В этой тенденции прислушиваться как к учителям к поэтам, стремившимся сохранить хотя бы некоторые очертания «левой поэзии», отчетливо просматривается и общая линия отношения к Хлебникову. У него заимствуется утопическая тематика и атрибутика, некоторые (не самые радикальные) особенности стихосложения, опосредованный студенческими штудиями интерес к славянскому корнесловию, а также отдельные черты жизненного поведения. Так, нельзя не обратить внимания, что стихотворение Кульчицкого как будто перепевает воспоминания Спасского, хотя писалось независимо от них и основывалось на иных источниках: «Жилось Хлебникову всегда плохо. Он бедствовал и не имел пристанища. Лучшие друзья часто уставали от него, не будучи в силах справиться с его неприспособленностью и неорганизованностью. <…> Случайные издатели запускали руки в разваливающиеся вороха его рукописей и, наугад, вытащив связку, россыпью печатали его стихи. <…> Имущество Хлебникова ограничено. Оно помещалось в вещевом мешке. Туда укладывались накопившиеся рукописи, листки с мелкими значками и буквами. Буквы роились, как насекомые. Кроме бумаг, мешок содержал куски хлеба. Поломанные коробки папирос. Ночами мешок мог служить подушкой. Иногда добавлялся причудливый груз, вроде кустарных ящичков или игрушек» (С. 64–65).
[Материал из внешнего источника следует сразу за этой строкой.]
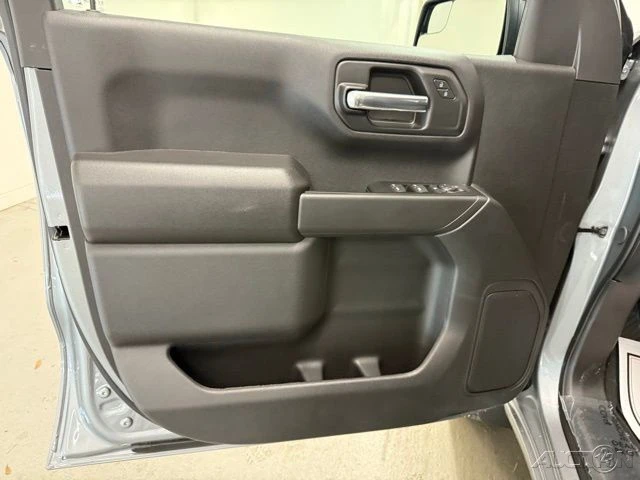 2026 Chevrolet Silverado 4th Gen - Image 13 of 21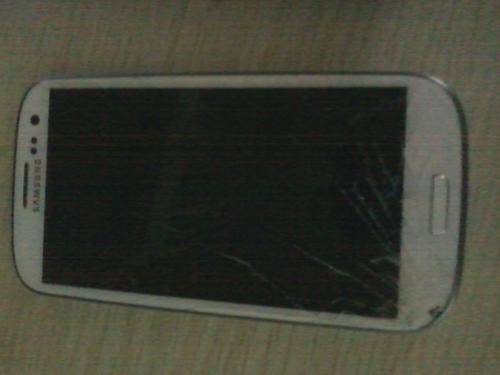 手机屏幕坏了不修有什么影响？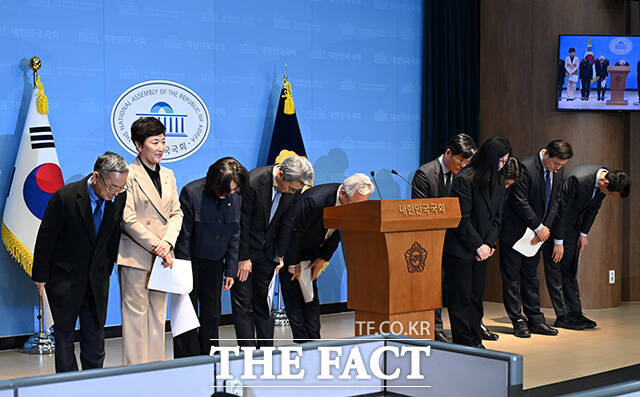 윤석열 정권 정치검찰 조작기소 진상규명을 위한 국정조사 추진관련 기자회견 열고 발언하는 이재강 더민초 대표(가운데).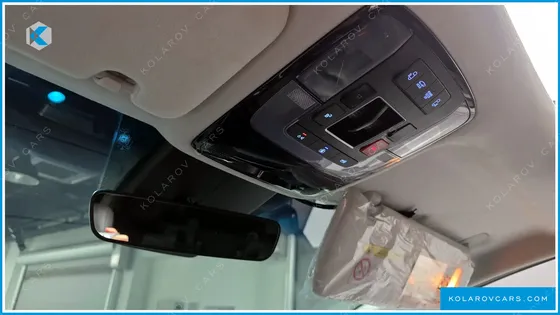 HYUNDAI STARIA 4WD LOUNGE 9-SEATER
Пожалуй, именно трех этих пунктов и казалось достаточно, чтобы полагать себя или других наследниками Хлебникова. Вспомним, что на роль наследников претендовали Ксения Некрасова (ее называл в этом качестве Асеев[956]) и Николай Глазков, причем легенда о Глазкове как продолжателе Хлебникова была едва ли не канонизирована: во всяком случае, именно с нее начинает Евг. Евтушенко предисловие к представительному сборнику стихов Глазкова[957]. Но, как нетрудно убедиться, такое впечатление было поверхностным и потому ложным. О первой из них точно написал Самойлов: «…некоторые черты интонационного сходства обманывают. Есть поэты, которые по своему устройству мало воспринимают от других. Такова и Ксения Некрасова»[958]. Что же касается Глазкова, то решительно отделяла его от Хлебникова сквозная ирония, которой творчество старшего поэта начисто лишено.
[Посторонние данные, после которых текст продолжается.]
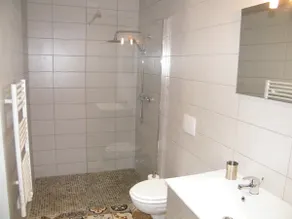 SOM SOM ses på kanal 4 - et nyt liv i solen - Image 4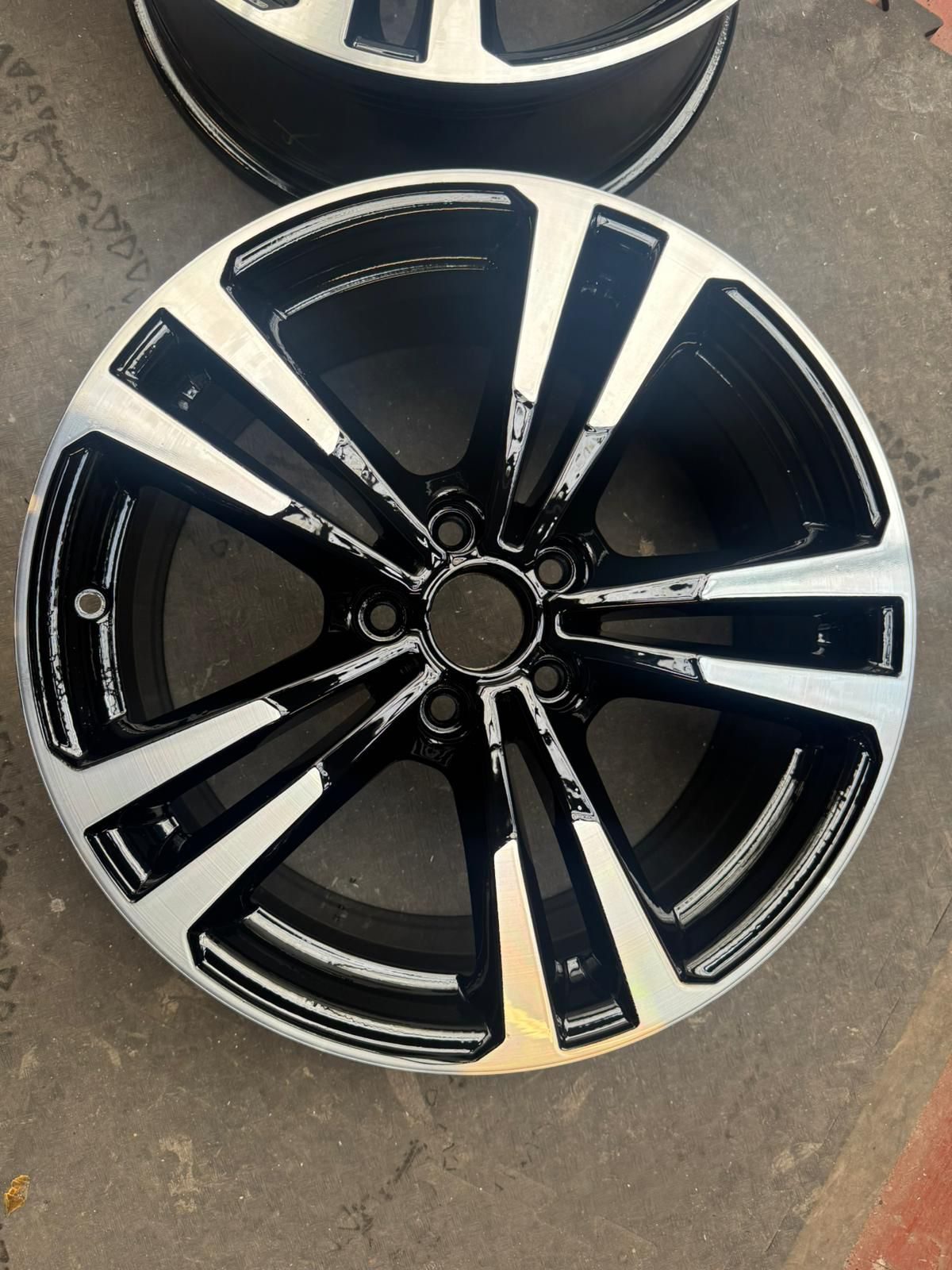 Refurbished alloy wheel 5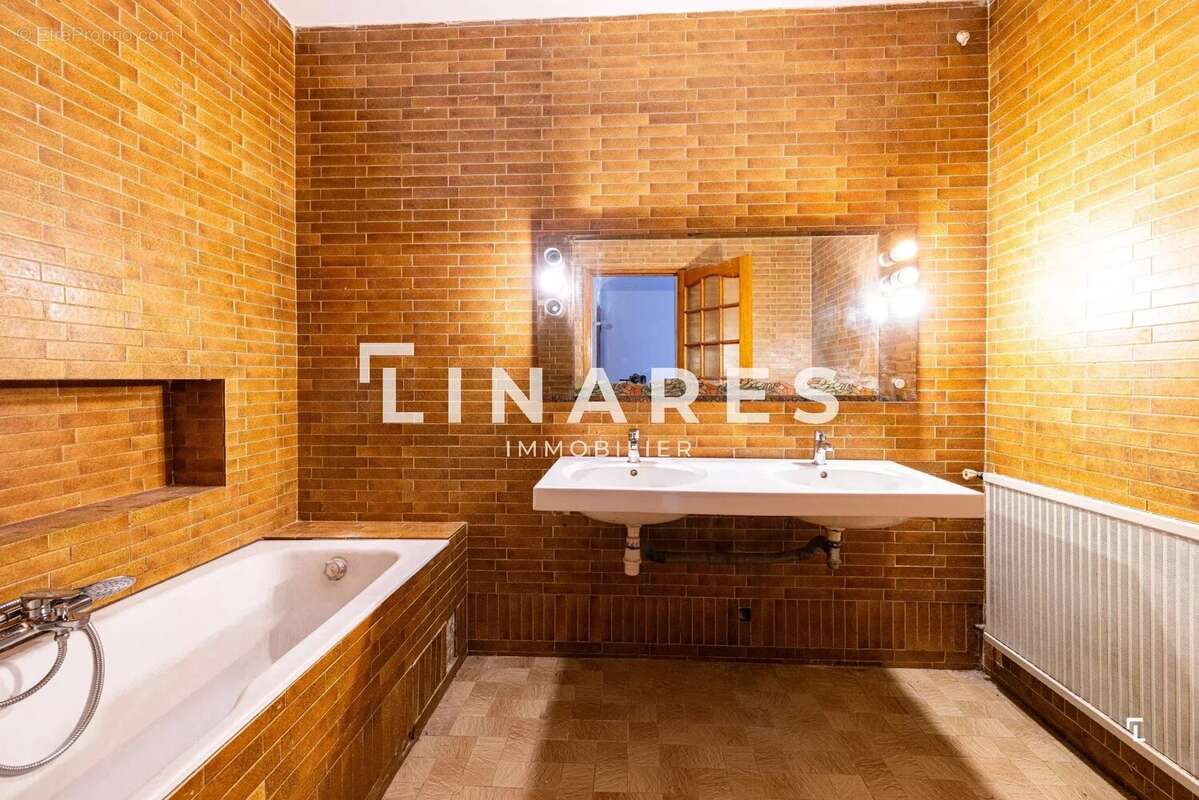 Appartement à MARSEILLE-7E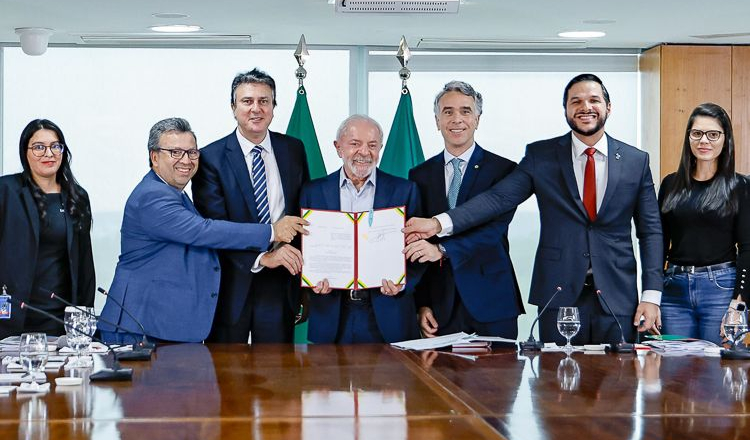 Presidente Lula sanciona Sistema Nacional de Educação (SNE)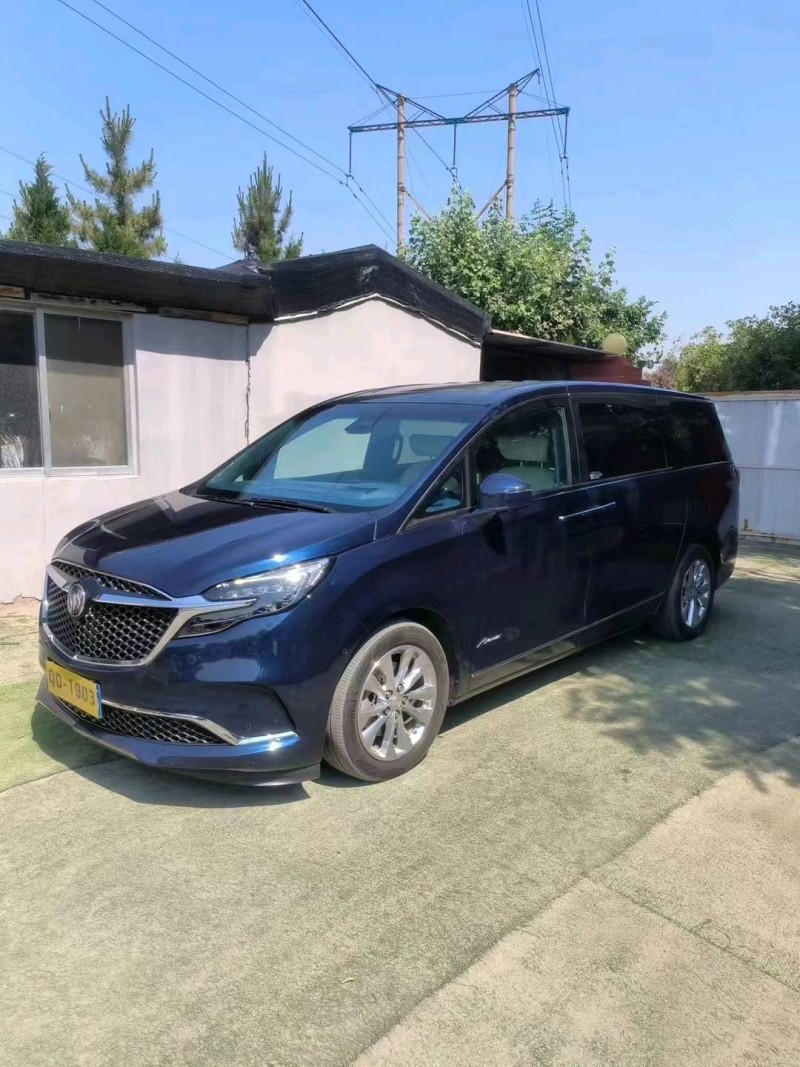 青岛21年别克GL83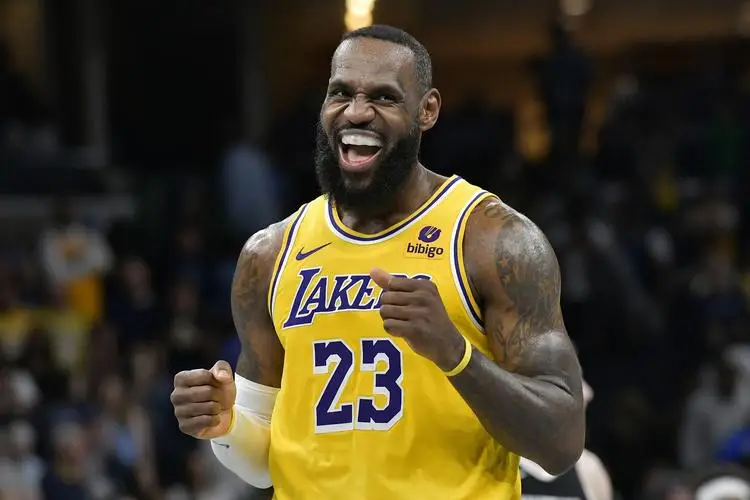 勒布朗·詹姆斯跳出合同引发NBA风暴，湖人未来与忠诚成焦点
Что же касается того, что мы осознаем как главное в творчестве Хлебникова, то оно не было в те годы воспринято. Сравним то, что Асеев говорил студентам Литинститута про Хлебникова, с их собственной поэзией. Асеев: «Он <Хлебников> на самом деле интересовался главным образом своими математическими исчислениями»[959]. Никакого отклика. «Он видел историю, видел время на таком огромном протяжении, что становилось как-то так, что холодок по телу пробегал…»[960] (Асеев). У молодых история представала только как прошлое, а не время во всех измерениях, «…знаменита в нашей среде его „Азбука ума“, где он говорит о том, что значимость, смысл уже складывается в звуке, что первоначальным корнем слова был звук…»[961] — и это проходит бесследно. Из творчества Хлебникова выветривается то, что можно было всерьез воспринимать как ядро, и остается только внешнее подобие.
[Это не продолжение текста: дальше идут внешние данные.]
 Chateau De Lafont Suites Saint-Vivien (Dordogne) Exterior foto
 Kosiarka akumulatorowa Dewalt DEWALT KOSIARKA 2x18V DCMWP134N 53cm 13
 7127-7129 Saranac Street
Миф Хлебникова, складывающийся в творчестве молодых поэтов того времени, — миф, улавливающий только ничтожную часть того богатства, которое могло дать его творчество. Но такое положение вещей было обусловлено временем. И тут, пожалуй, следует вернуться к статье, поминавшейся в начале нашей работы, авторы которой предлагают такое объяснение: «Косвенной политической причиной таких совпадений, как одновременный выход книг Хлебникова, Чурилина и Асеева, было стремление сталинского режима консолидировать общество на новых, националистически-имперских, а не классовых основаниях, а также, возможно, слабая и краткая „псевдооттепель“, связанная с назначением Л. П. Берии наркомом внутренних дел. Но есть и другая причина, не связанная напрямую с политикой: вероятно, людьми постсимволистского поколения, т. е. теми, кто родился в конце 1880-х и в 1890-х годах, была к этому моменту пройдена достаточная дистанция — временная и психологическая — чтобы приступить к мифологизации навсегда утраченной и насильственно вытесненной из общественной памяти эпохи (в эмиграции эти процессы начались намного раньше)»[962].

Бериевская псевдооттепель, кажется, вообще не имела отношения к интересующей нас проблеме; национально-имперская идея также вступала в противоречие с пониманием утопий Хлебникова как вселенской гармонии. Но и мифы постсимволистского поколения тут тоже были, по нашему убеждению, ни при чем. Ни «Полутораглазый стрелец» (кстати сказать, разрушающий представление о том, что именно 1940 год можно считать годом начала мифологизации представлений о постсимволистским поколении; до известной степени сюда же относятся и «Встречи» Пяста, написанные с позиции «младших»), ни мемуары Спасского, ни первая редакция мемуаров Лили Брик, ни мемуарные художественные произведения (вроде поэмы «Маяковский начинается», не случайно получившей свою Сталинскую премию — что, впрочем, не мешает ей быть замечательной поэмой) еще далеко не создали сколько-нибудь заметной инерции, которая уже существовала в эмиграции. Миф создавался молодым поколением, которому предстояло пройти с гигантскими потерями войну, удушающую реальность конца сороковых (когда в ту же поэму «Маяковский начинается» будут вписаны сервильные главы, вроде «Знаменосец революции»), и отойти от Хлебникова, оставив его легендой своей молодости. Этому мифу противопоставлялись или собственно научные исследования (и тут невозможно не сказать о предисловии к «Неизданным произведениям», где авторы смогли ни разу не упомянуть почти неизбежное имя вождя и учителя), или еще не очень определившиеся интенции, много позднее выразившиеся во фразе Ахматовой: «Я уже не говорю о Маяковском и Хлебникове. Это <1910-е годы> полностью их время»[963]. Но это уже должно стать предметом специального анализа.

И все же в нашем контексте вряд ли можно забыть, что последнее из дошедших до нас стихотворение Кульчицкого, написанное в день отъезда на фронт («Мечтатель, фантазер, лентяй-завистник…»), датировано 26 декабря 1942, и место написания едва ли не символически обозначено: Хлебниково-Москва.